### Task directions
Only the lines from the one containing "2023 Chrysler Voyager" through the one containing "TOYOTA Yaris Sedan" should be printed, exactly as they appear below, with both ends included.

### Items listed in a dataset
☆ ☆ ☆ ☆ ☆ ☆ ☆

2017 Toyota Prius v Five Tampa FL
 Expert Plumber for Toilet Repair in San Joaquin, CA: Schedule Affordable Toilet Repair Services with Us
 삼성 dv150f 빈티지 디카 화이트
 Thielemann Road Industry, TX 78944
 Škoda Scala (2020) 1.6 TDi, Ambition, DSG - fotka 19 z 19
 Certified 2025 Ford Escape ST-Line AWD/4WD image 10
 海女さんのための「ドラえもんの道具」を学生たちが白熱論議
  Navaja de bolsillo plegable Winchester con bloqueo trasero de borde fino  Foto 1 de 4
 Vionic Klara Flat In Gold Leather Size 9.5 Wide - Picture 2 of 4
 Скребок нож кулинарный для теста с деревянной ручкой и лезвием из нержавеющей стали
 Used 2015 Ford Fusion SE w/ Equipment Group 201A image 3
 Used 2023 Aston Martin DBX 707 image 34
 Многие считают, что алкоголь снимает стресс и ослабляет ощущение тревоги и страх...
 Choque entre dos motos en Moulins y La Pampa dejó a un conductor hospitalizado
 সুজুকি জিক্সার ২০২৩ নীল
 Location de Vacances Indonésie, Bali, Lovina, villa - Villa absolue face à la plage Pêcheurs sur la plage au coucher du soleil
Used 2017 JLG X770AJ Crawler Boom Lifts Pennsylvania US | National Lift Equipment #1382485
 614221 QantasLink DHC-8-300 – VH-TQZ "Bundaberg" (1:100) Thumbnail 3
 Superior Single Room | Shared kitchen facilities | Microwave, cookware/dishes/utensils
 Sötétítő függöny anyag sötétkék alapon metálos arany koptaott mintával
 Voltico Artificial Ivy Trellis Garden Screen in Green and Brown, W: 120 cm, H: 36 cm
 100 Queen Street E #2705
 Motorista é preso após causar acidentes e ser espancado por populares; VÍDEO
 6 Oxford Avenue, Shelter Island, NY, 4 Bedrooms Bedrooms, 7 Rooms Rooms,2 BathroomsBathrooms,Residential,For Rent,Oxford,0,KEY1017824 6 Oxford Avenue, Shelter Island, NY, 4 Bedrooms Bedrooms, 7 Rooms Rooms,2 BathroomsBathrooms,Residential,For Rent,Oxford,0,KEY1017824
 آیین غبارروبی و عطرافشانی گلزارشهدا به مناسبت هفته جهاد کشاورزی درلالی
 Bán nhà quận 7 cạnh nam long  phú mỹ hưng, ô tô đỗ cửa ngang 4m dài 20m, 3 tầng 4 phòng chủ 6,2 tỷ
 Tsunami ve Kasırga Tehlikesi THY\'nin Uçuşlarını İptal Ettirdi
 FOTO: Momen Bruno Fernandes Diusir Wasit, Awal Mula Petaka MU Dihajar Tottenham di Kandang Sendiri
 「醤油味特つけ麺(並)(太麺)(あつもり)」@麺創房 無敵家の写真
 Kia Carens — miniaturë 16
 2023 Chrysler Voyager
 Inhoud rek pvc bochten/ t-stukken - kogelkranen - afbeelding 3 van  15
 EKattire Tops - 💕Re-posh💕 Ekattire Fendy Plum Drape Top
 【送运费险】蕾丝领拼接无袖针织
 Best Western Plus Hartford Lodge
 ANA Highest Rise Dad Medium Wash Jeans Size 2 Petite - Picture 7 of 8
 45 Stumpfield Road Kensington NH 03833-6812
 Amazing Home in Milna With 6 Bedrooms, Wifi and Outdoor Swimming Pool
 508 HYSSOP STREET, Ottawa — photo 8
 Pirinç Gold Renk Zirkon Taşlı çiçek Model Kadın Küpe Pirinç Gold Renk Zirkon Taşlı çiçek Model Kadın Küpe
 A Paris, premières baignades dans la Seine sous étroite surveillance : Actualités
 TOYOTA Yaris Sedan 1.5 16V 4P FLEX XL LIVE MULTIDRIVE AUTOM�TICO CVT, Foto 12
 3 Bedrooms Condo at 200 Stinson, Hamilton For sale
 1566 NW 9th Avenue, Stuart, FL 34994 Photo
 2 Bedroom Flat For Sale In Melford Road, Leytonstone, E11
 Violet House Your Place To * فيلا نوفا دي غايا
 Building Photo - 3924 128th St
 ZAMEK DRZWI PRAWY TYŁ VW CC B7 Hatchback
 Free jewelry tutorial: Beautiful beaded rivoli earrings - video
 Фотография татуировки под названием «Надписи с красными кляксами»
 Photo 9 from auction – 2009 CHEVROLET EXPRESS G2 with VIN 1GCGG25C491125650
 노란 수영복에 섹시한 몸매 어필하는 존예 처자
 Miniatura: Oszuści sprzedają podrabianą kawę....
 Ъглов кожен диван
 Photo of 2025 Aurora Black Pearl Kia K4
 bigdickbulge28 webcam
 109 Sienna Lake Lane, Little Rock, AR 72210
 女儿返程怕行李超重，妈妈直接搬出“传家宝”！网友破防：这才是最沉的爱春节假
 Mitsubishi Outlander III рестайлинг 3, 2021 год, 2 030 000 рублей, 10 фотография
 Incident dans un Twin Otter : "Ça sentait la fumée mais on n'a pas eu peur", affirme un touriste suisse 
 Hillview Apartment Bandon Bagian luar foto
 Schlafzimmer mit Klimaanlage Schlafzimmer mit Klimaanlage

☆ ☆ ☆ ☆ ☆ ☆ ☆

### Solution for this task
 2023 Chrysler Voyager
 Inhoud rek pvc bochten/ t-stukken - kogelkranen - afbeelding 3 van  15
 EKattire Tops - 💕Re-posh💕 Ekattire Fendy Plum Drape Top
 【送运费险】蕾丝领拼接无袖针织
 Best Western Plus Hartford Lodge
 ANA Highest Rise Dad Medium Wash Jeans Size 2 Petite - Picture 7 of 8
 45 Stumpfield Road Kensington NH 03833-6812
 Amazing Home in Milna With 6 Bedrooms, Wifi and Outdoor Swimming Pool
 508 HYSSOP STREET, Ottawa — photo 8
 Pirinç Gold Renk Zirkon Taşlı çiçek Model Kadın Küpe Pirinç Gold Renk Zirkon Taşlı çiçek Model Kadın Küpe
 A Paris, premières baignades dans la Seine sous étroite surveillance : Actualités
 TOYOTA Yaris Sedan 1.5 16V 4P FLEX XL LIVE MULTIDRIVE AUTOM�TICO CVT, Foto 12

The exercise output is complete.